Going from batch processing to near-real time applications is a big conceptual leap for data scientists. Data scientists are often familiar with big SQL analytics databases and can run a batch process weekly or daily. However to get good performance in some applications requires aggregating information that changes more quickly than batch processes can handle. There is normally some lag time between an event being processed and being ingested into an analytics database (and this lag time can vary across the data) which limits the batch approach. A near-real time approach, where the data is up to date between milliseconds and minutes, requries a suitable way to store and retrieve the data in a low latency way. This data store can be called an online feature store; it contains the features, or inputs, for the model and is updated live.

When we’ve got an online feature store we need to be careful that we don’t use it to train and evaluate new models. We want the data as it would have been when the prediction was made, this means we need to record all the results in an offline analytics store. However if we change the features of the model we want to use the current version of the features, not the version at the time the prediction was made. Let’s illustrate this with an example.

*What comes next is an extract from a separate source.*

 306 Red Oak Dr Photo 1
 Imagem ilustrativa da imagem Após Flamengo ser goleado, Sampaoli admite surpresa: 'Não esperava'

Consider a recommendation system for articles on this website. On each article we are going to recommend 3 other articles to suggest, to help the reader find other relevant content. Using our historical logs we see that looking at the previous page viewed can lead to substantially better recommendations than just using the current page viewed. In particular we build a model that extracts key terms from the previous page viewed and the current page viewed, then these are used to form a query to return relevant pages from a database. However our logs are only updated daily and people tend to view pages within minutes of each other, so we need a way of storing the information.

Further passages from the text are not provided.